Di che dimensioni farle, perché siano comode senza essere costrittive?
Una serie di domande, che sono in sé la chiave per entrare nel tessuto costitutivo del libro e parallelamente per entrare nel denso scenario della costruzione del luogo dove si sceglie di vivere. Un luogo che non viene abitato come risultato di una mediazione immobiliare ma che al contrario previene qualsiasi mediazione e interroga le radici profonde del senso dell’abitare. Clement costruisce la propria casa, come un tempo avveniva grazie al lavoro comune del singolo e della comunità di appartenenza, che caparbiamente prendeva parte allo sforzo. Cosa che oggi semplicemente non avviene più, appaltato alla catena dell’industria delle costruzioni, sempre più rapida, sempre più distante nelle sue esclusive logiche di mercato, e si può forse ancora incontrare in alcune realtà latino-americane, pur piagate dalla miseria e dalla penuria materiale. Ma i problemi rimangono, dall’allacciamento delle utenze, alla costruzione dei muri perimetrali, alla densità della luce, al controllo dell’umidità, alla geomantica degli spazi, al rapporto spazio interno-esterno, al riciclo degli oggetti dismessi e alla loro rifunzionalizzazione. E diventano stimoli fondamentali
Il resto del libro è la narrazione di come la casa sia nata, passo a passo, per essere infine inaugurata quattro anni dopo l’inizio dello sforzo. La pagina conclusiva riporta scrupolosamente i nomi di tutti coloro che hanno collaborato alla costruzione, a modo di inventario comunitario dell’impresa. Nel mezzo un mare di energia vitale, come necessariamente deve essere per affrontare un’impresa del genere.
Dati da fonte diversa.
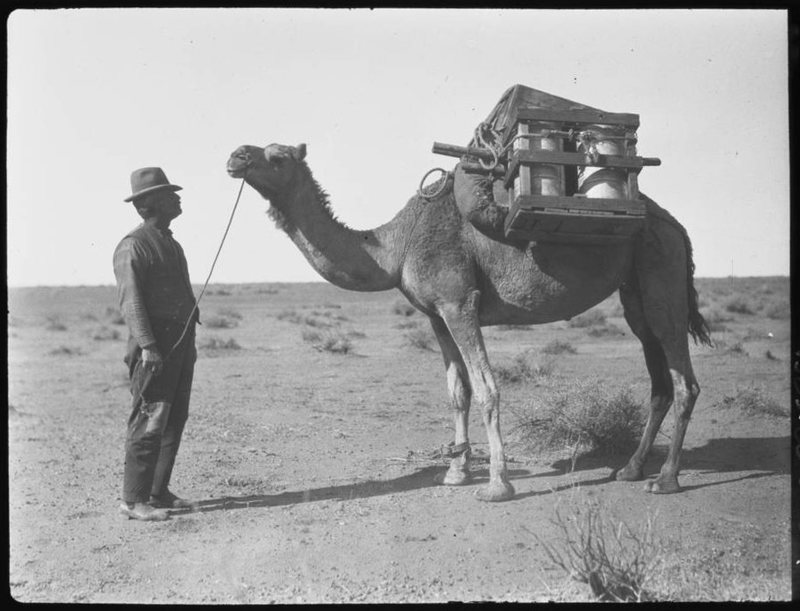 Australia’s Growing Camel Meat Trade Reveals a Hidden History of Early Muslim&nbsp;Migrants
Un libro di domande dunque, ma anche un libro di risposte improntate alla vitalità dell’esperienza. “Chi non ha mai praticato questo esercizio non sa come tali domande – esempi di trivialità – raggiungano il fondo della coscienza demolendo le nostre abitudini, poiché d’improvviso interrogano la loro fondatezza”.
Se poi ci sono corrispondenze fra i testi letterari, e queste corrispondenze sono per certo di tipo storico-contestuale e di successiva germinazione culturale, si veda un film uscito lo stesso anno del libro di Clement, Jonas che avrà vent’anni nel 2000 con regia di Alain Tanner e sceneggiatura del grande John Berger e si legga un libro, L’invenzione del quotidiano di Michel de Certau, uscito proprio nel 1976, sulle tattiche di resistenza delle classi subalterne alle strategie manipolatorie delle classi dominanti. Si avrà un quadro ricco del giardino nel quale fiorivano idee straordinarie. Da recuperare.